Les maisons ne disposent ni d’électricité ni de l’eau courante et les repas étaient plus rudimentaires qu’à Santo Domingo de Xenacoj.
Par ailleurs, les gens ne parlaient pas l’espagnol, ce qui rendait la communication assez difficile. Cela ne nous a néanmoins pas empêché de participer aux activités quotidiennes de la communauté.
Nous sommes ensuite partis pour le village de Sabiha qui est fort éloigné et d’un accès particulièrement difficile. Malgré l’isolement de la communauté, nous avons eu le sentiment d’une grande ouverture à notre égard. Nous avons logé ensemble chez une femme du village. Nous avons pu nous rendre compte de l’impact des barrages hydroélectriques de la région sur les ressources en eau des populations locales. Celles-ci ont été privées de l’accès à l’eau du fleuve qui constituait la base de l’économie locale.
Nous avons rencontré une association qui travaille depuis dix ans au renforcement de la souveraineté alimentaire des populations indigènes, notamment en produisant des semences traditionnelles. L’association dispose d’un centre de formation à la culture bio des espèces locales et commercialise des produits cosmétiques traditionnels produits par les femmes.
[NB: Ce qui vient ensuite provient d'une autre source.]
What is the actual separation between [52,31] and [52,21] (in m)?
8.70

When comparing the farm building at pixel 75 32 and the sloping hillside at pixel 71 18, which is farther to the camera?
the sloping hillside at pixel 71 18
D’autres communautés situées dans la région du Sacatepéquez, entre Guatemala Ciudad et Antigua, sont, elles, privées de leurs terres. En effet les terres sont accaparées par les sociétés multinationales et les paysans doivent faire parfois plusieurs kilomètres pour se rendre sur leurs parcelles. D’autres n’ont simplement plus de terre et travaillent, entre autres, dans des maquiladoras. Beaucoup sont cependant aujourd’hui sans emplois.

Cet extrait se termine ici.